AGI – Chi, e sono tanti, sta massacrando la memoria di Niccolò Ghedini sui social tacciandolo, tra le altre cose, di essersi messo di traverso alla giustizia, non può sapere che tra lui e il principale accusatore di Silvio Berlusconi, il pubblico ministero Fabio De Pasquale, c’era un rapporto di visibile simpatia.
Il rappresentante della pubblica accusa nel processo Mediaset, l’unico concluso con una condanna definitiva al Cavaliere, ha reagito con profondo dispiacere alla notizia della sua scomparsa. “Tra noi ci sono sempre stati lealtà e rispetto reciproci” , le poche parole che il magistrato ha affidato all’AGI in queste ore.
Ma che tra i due ci fosse feeling era possibile constatarlo nelle pause delle udienze dei processi a carico dell’ex premier che per anni hanno occupato le aule del Palazzo di Giustizia di Milano.
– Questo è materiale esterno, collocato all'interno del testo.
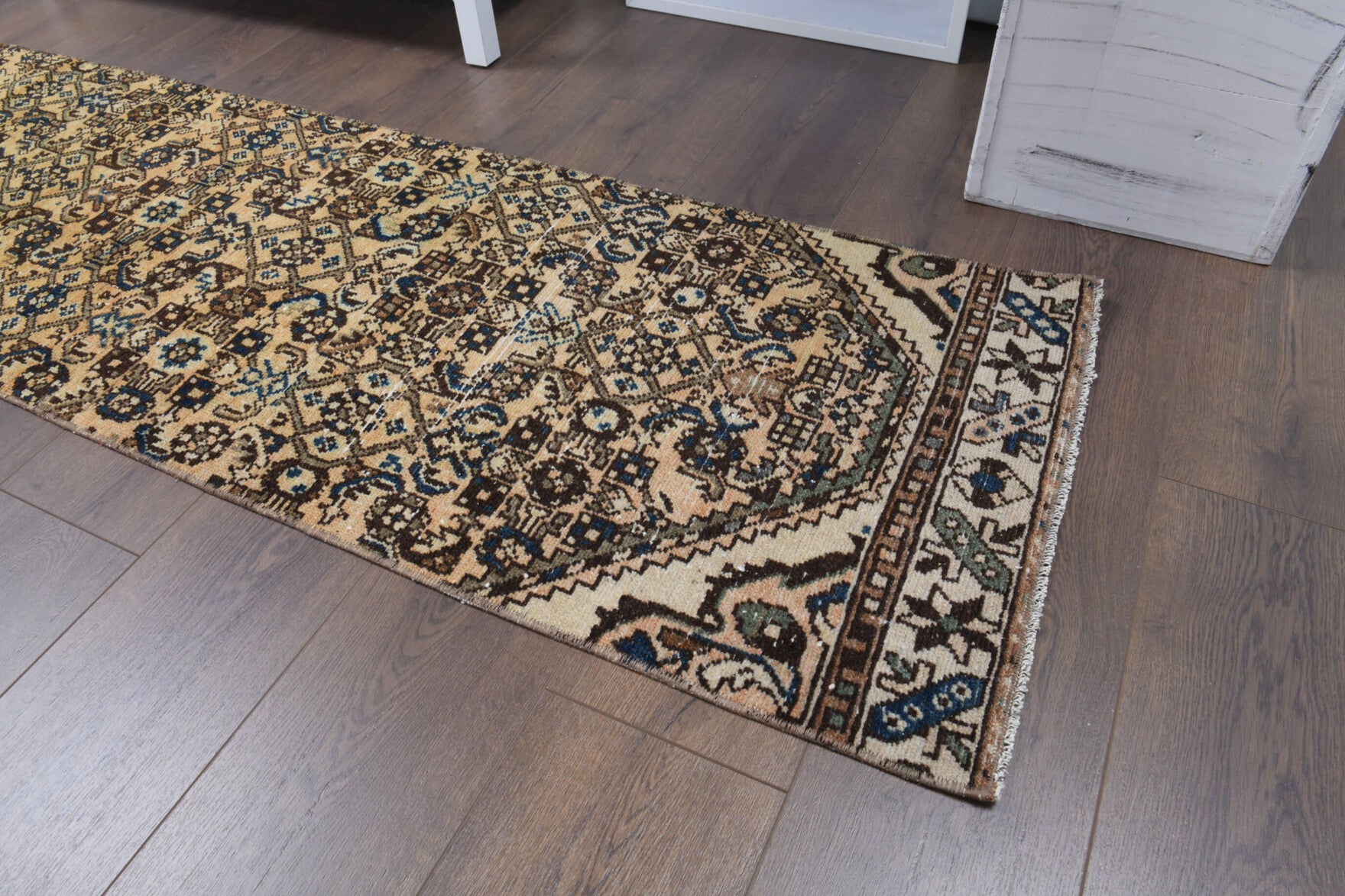 58x282 cm vintage Anatolian runner rug – Hespermeda, low pile, wool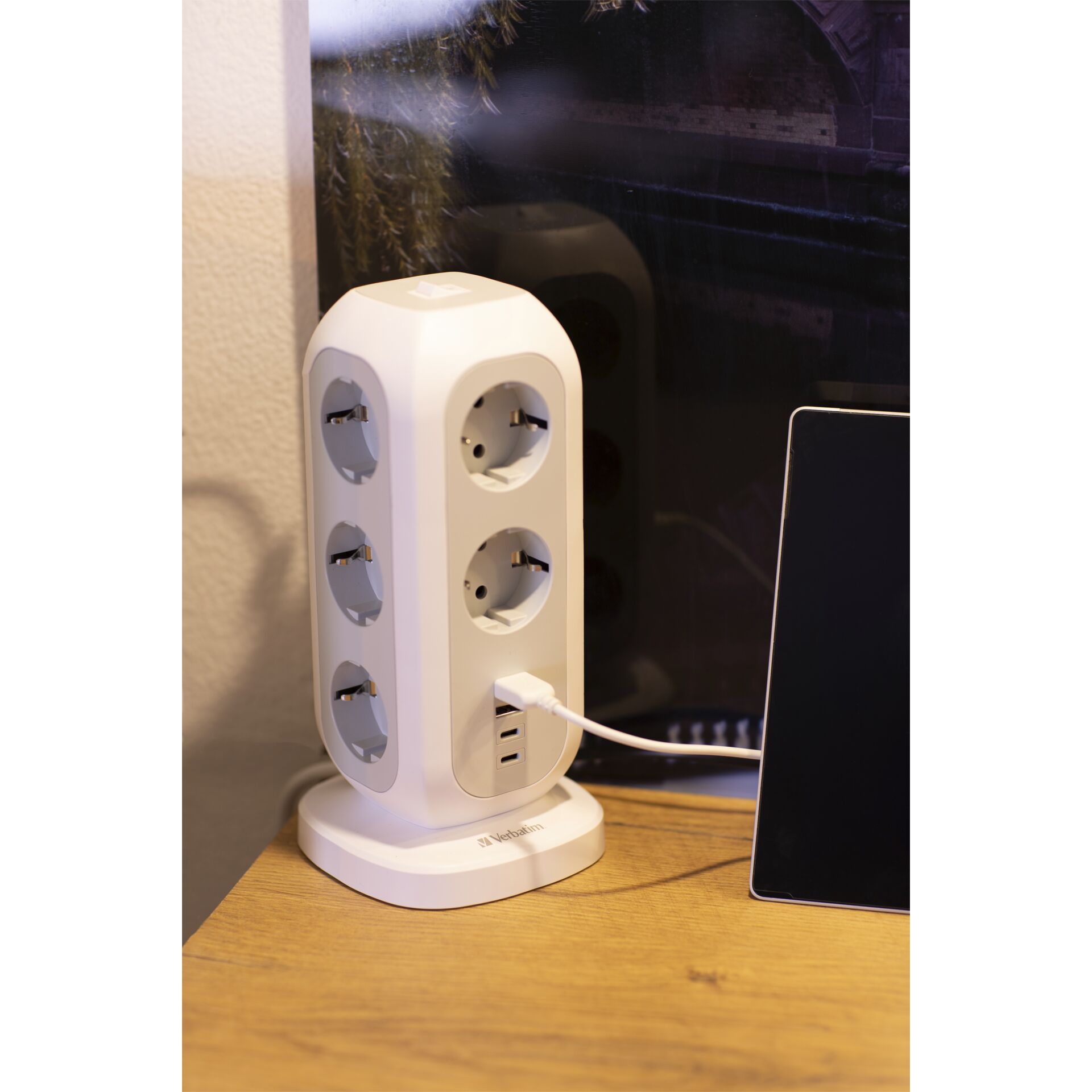 Verbatim EU Power Tower EUPT-01 11xAC / 2xUSB-A / 2xUSB-C  4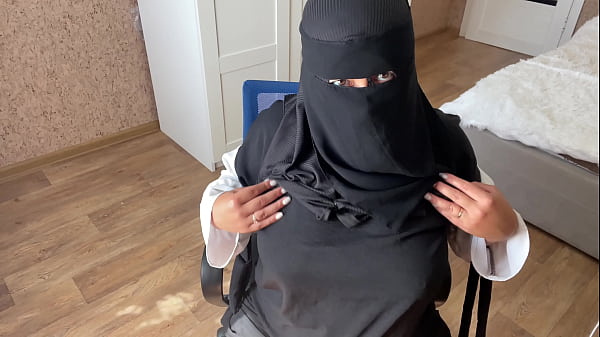 Arab Wife Gets Off Reading Dirty Sex Stories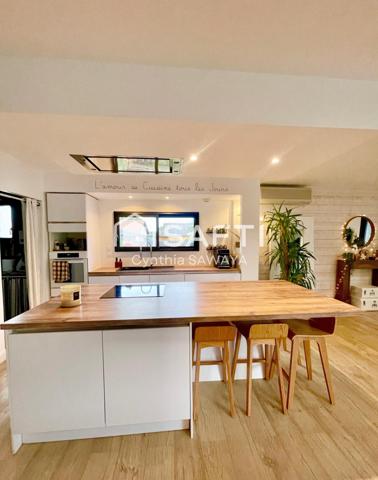 Maison moderne et charmante avec jardin paysager, terrasse et piscine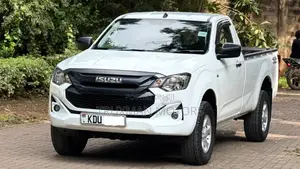 Isuzu D-MAX 2025 White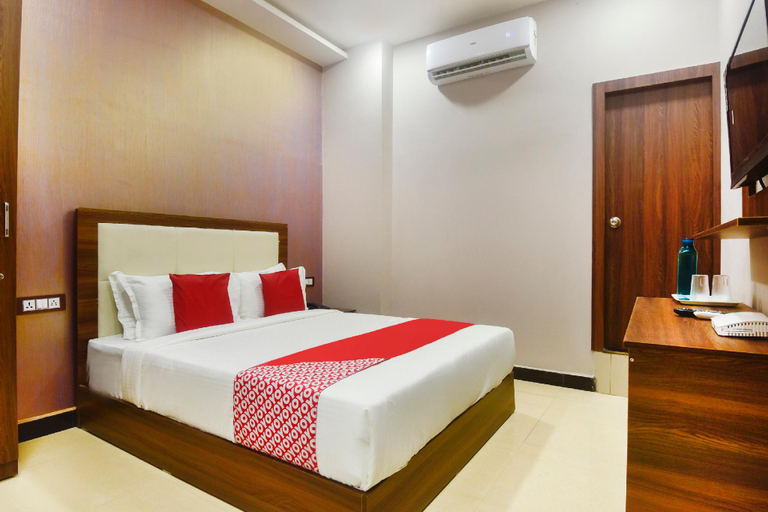 Bedroom, Hotel Blue Sky Residency, Mumbai Suburban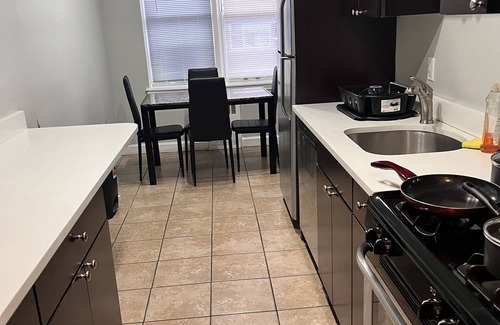 West Side House | Jersey plus manhattan 10 minutes to manhattan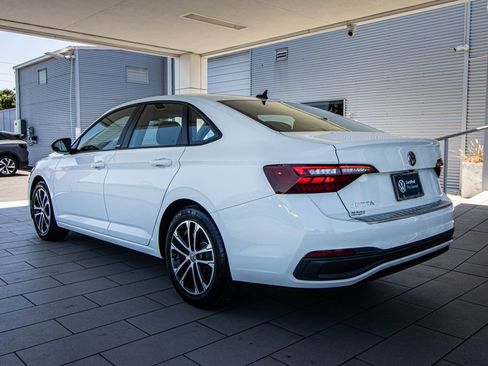 Used 2024 Volkswagen Jetta Sport FWD image 14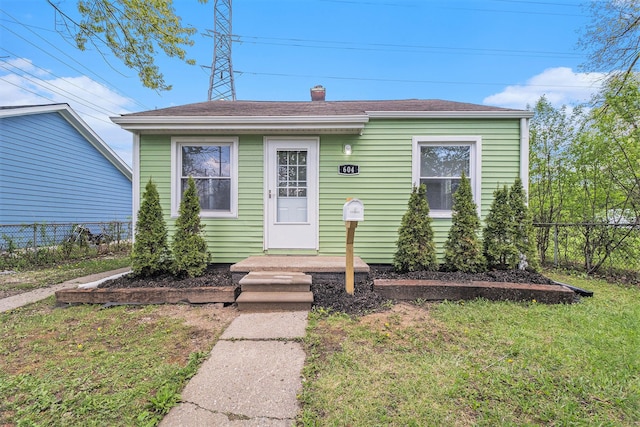 604 Montana Ave, Pontiac, MI 48341 - view of front of property featuring a shingled roof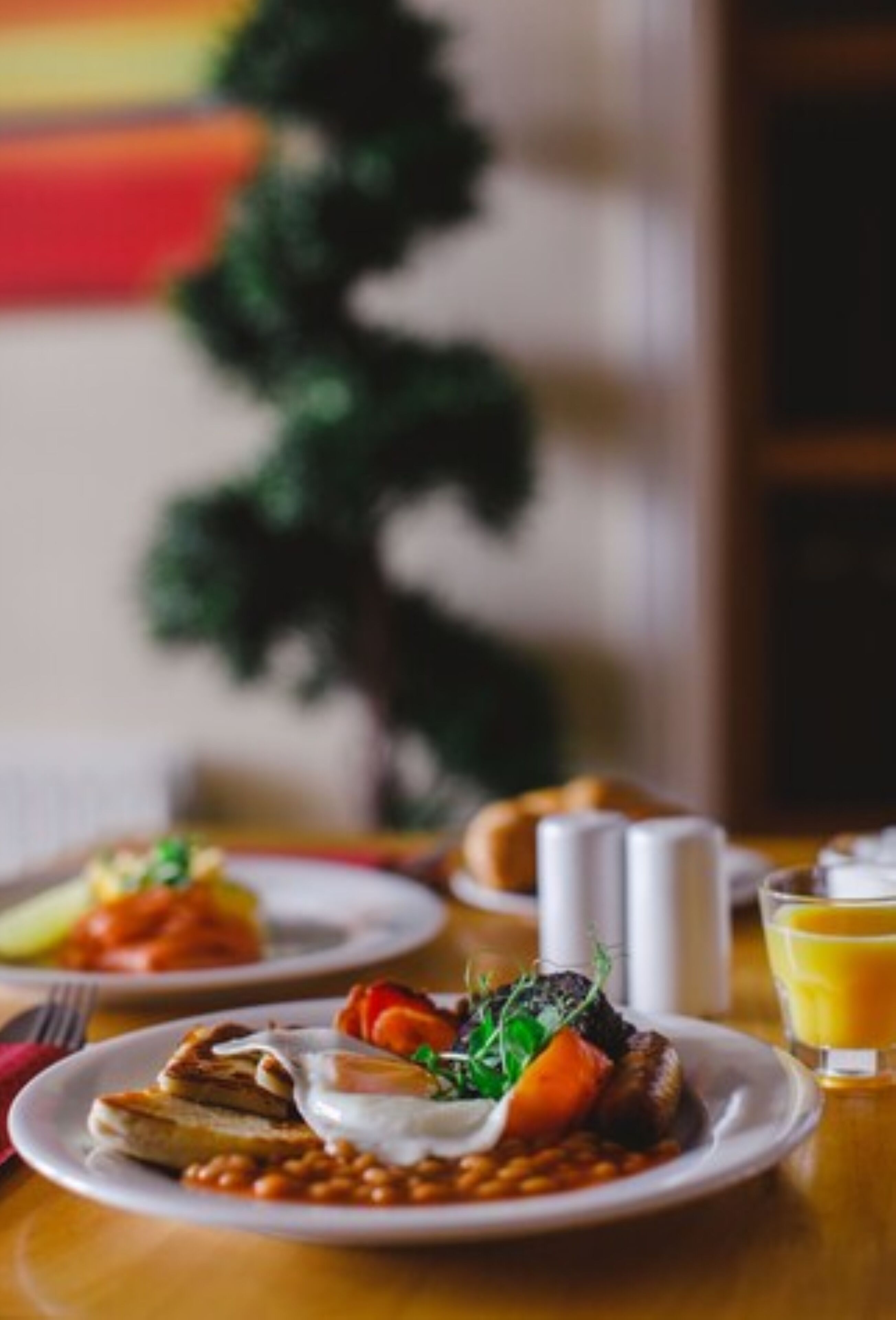 Daily English breakfast (GBP 15.00 per person)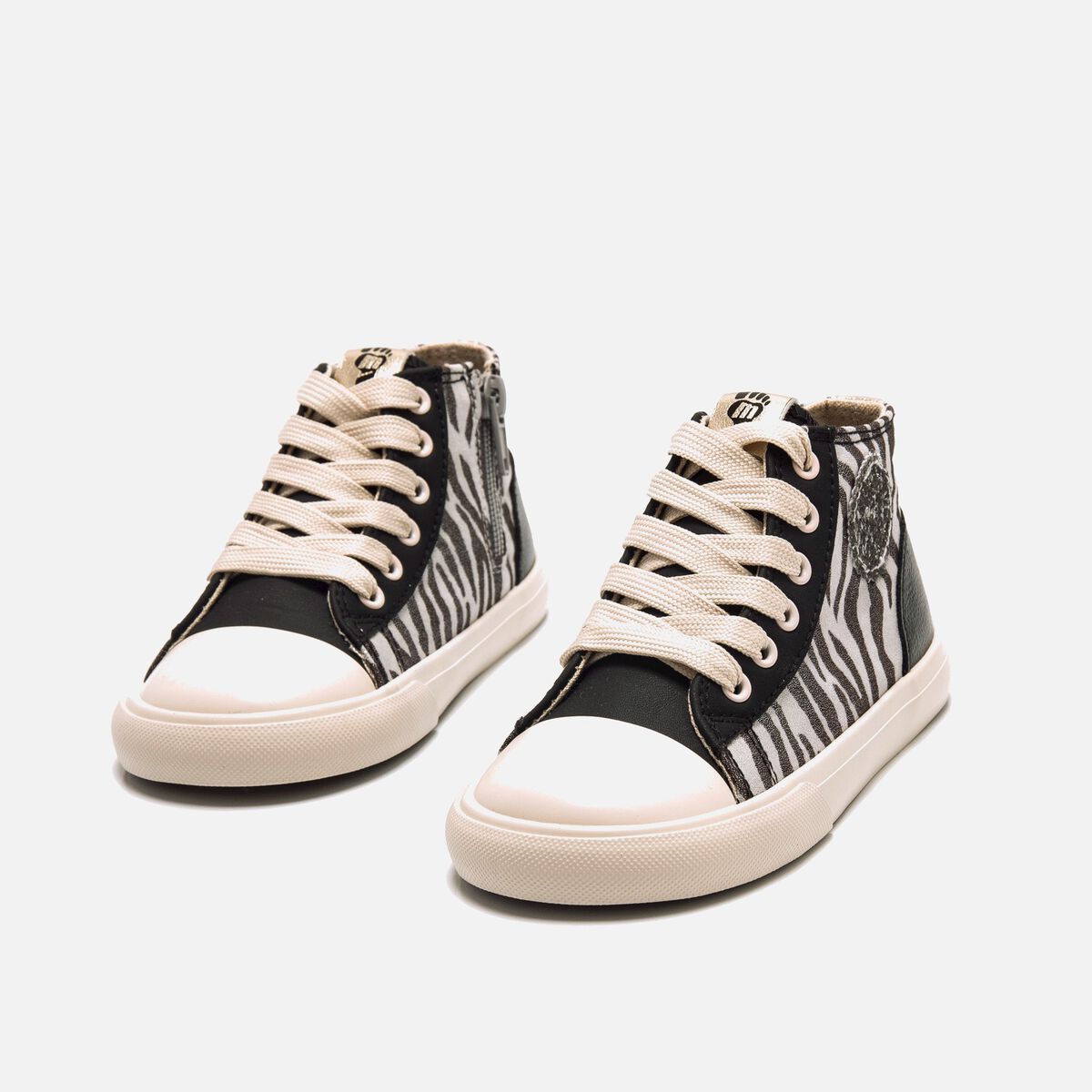 Zapatillas de Nina modelo FREE de MTNG image number 1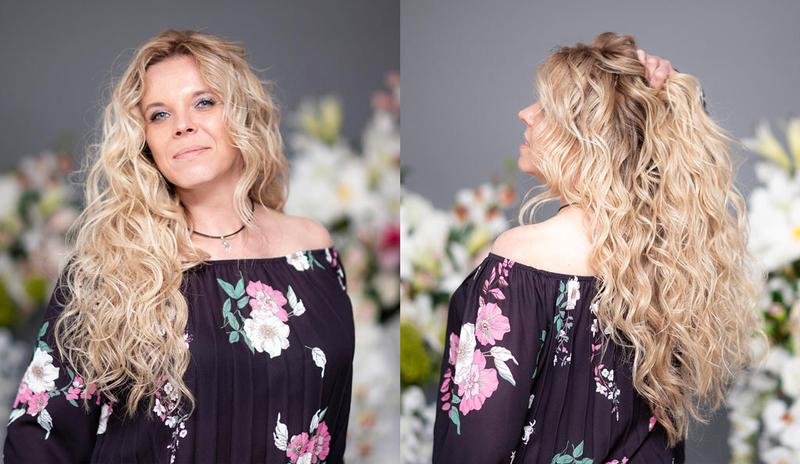 Sekrety idealnych falowanych włosów – jak osiągnąć efekt plażowych loków?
Un’epoca di tensioni profonde tra accusa e difesa perché quelle erano storie giudiziarie ma anche politiche con un imputato che guidava il Paese e si sentiva perseguitato dalla giustizia.
Ricusazioni dei giudici, richieste di legittimi impedimenti, rinvii per motivi di salute o di campagna elettorale, istanze per far trasferire i processi lontano da Milano a ovunque. Su questi temi tra Ghedini in duo con l’altro legale storico, Piero Longo, e De Pasquale, erano diatribe incessanti col pm che le accoglieva come un tentativo di difendersi dal processo e non nel processo. Innumerevoli i battibecchi nei processi Mediaset, Mediatrade, Mills stemperati da battute negli intervalli, tra una camera di consiglio e l’attesa dei giudici.
Alcuni cronisti ricordano quando una volta l’avvocato, dopo avere alzato i toni della sfida in aula, subito dopo disse sottovoce a De Pasquale, con un sorriso: “Mi tocca”, ricevendone in cambio uno sguardo di complicità.